Building a new layer

This notebook will guide you through implementing a custom layer in neon, as well as a custom activation function. You will learn

  • general interface for defining new layers
  • using the nervana backend functions

Preamble

The first step is to set up our compute backend, and initialize our dataset.


In [ ]:
import neon
print neon.__version__

# use a GPU backend
from neon.backends import gen_backend
be = gen_backend('gpu', batch_size=128)

# load data
from neon.data import MNIST

mnist = MNIST(path='../data/')
train_set = mnist.train_iter
test_set = mnist.valid_iter

Build your own layer

Instead of importing the neon supplied Affine Layer, we will instead build our own.

Note: Affine is actually a compound layer; it bundles a linear layer with a bias transform and an activation function. The Linear layer is what implements a fully connected layer.

First, lets build our own linear layer, called MyLinear, and then we will wrap that layer in a compound layer MyAffine.

There are several important components to a layer in neon:

  • configure: during model initialization, this layer will receive the previous layer's object and use it to set this model's in_shape and out_shape attributes.
  • allocate: after each layer's shape is configured, this layer's shape information will be used to allocate memory for the output activations from fprop.
  • fprop: forward propagation. Should return a tensor with shape equal to the layer's out_shape attribute.
  • bprop: backward propagation.

In the implementation below, fprop is implemented using element-wise operations. It will be very slow. Try replacing it with the neon backend implementation of compound_dot, such as in the bprop function.


In [ ]:
from neon.layers.layer import ParameterLayer, interpret_in_shape

# Subclass from ParameterLayer, which handles the allocation
# of memory buffers for the output activations, weights, and 
# bprop deltas.
class MyLinear(ParameterLayer):

    def __init__(self, nout, init, name=None):
        super(MyLinear, self).__init__(init, name, "Disabled")
        self.nout = nout
        
        # required attributes
        self.inputs = None  #..?
        self.in_shape = None  # shape of the inputs to this layer
        self.out_shape = None  # shape of the outputs from this layer

    def __str__(self):
        return "Linear Layer '%s': %d inputs, %d outputs" % (
               self.name, self.nin, self.nout)
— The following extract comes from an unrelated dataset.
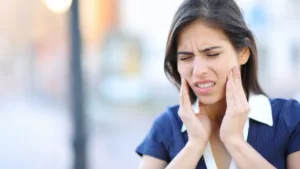 Woman with blurred face outdoors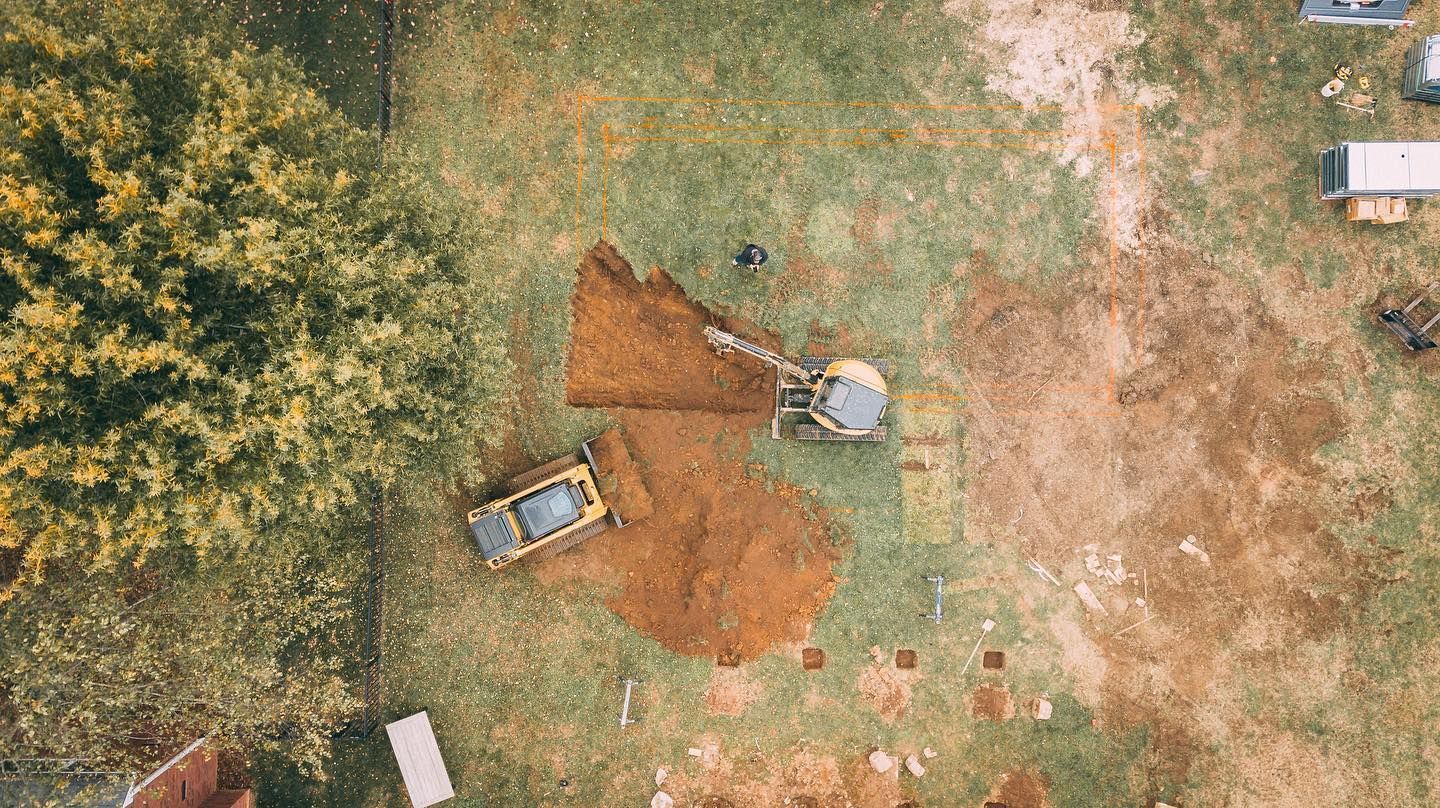 Aerial view of construction site with backhoe and excavator digging in grassy field.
    def configure(self, in_obj):
        """
        Configure the layer's input shape and output shape attributes. This is
        required for allocating the output buffers.
        """
        super(MyLinear, self).configure(in_obj)
        
        # shape of the input is in (# input features, batch_size)
        (self.nin, self.nsteps) = interpret_in_shape(self.in_shape)
        
        # shape of the output is (# output units, batch_size)
        self.out_shape = (self.nout, self.nsteps)
        
        # if the shape of the weights have not been allocated,
        # we know that his layer's W is a tensor of shape (# outputs, # inputs).
        if self.weight_shape is None:
            self.weight_shape = (self.nout, self.nin)
      
        return self
    
    # We use the superclass' allocate() method.
    # for a general layer, where you may have other memory allocations
    # needed for computations, you can implement allocate() with
    # your own variables.
    #
    # def allocate(self)

    # fprop function
    # * inference flag can be used to not store activations that may be unneeded
    # * beta...?
    def fprop(self, inputs, inference=False, beta=0.0):
        self.inputs = inputs

        # here we compute y = W*X inefficiently using the backend functions
        # try substituting this with the backend `compound_dot` function to see
        # the speed-up from using a custom kernel!
        for r in range(self.outputs.shape[0]):
            for c in range(self.outputs.shape[1]):
                self.outputs[r,c] = self.be.sum(self.be.multiply(self.W[r], self.inputs[:,c].T))
    
        # self.be.compound_dot(A=self.W, B=self.inputs, C=self.outputs, beta=beta)
        return self.outputs

    def bprop(self, error, alpha=1.0, beta=0.0):
        
        # to save you headache, we use the backend compound_dot function here to compute
        # the back-propogated deltas = W^T*error.
        if self.deltas:
            self.be.compound_dot(A=self.W.T, B=error, C=self.deltas, alpha=alpha, beta=beta)
        self.be.compound_dot(A=error, B=self.inputs.T, C=self.dW)
        return self.deltas

Wrap the above layer in a container, which bundles an activation and batch normalization.


In [ ]:
from neon.layers.layer import CompoundLayer
class MyAffine(CompoundLayer):

    def __init__(self, nout, init, bias=None,
                 batch_norm=False, activation=None, name=None):
        super(MyAffine, self).__init__(bias=bias, activation=activation, name=name)
        self.append(MyLinear(nout, init, name=name))
        self.add_postfilter_layers()

Defining an activation function (transform)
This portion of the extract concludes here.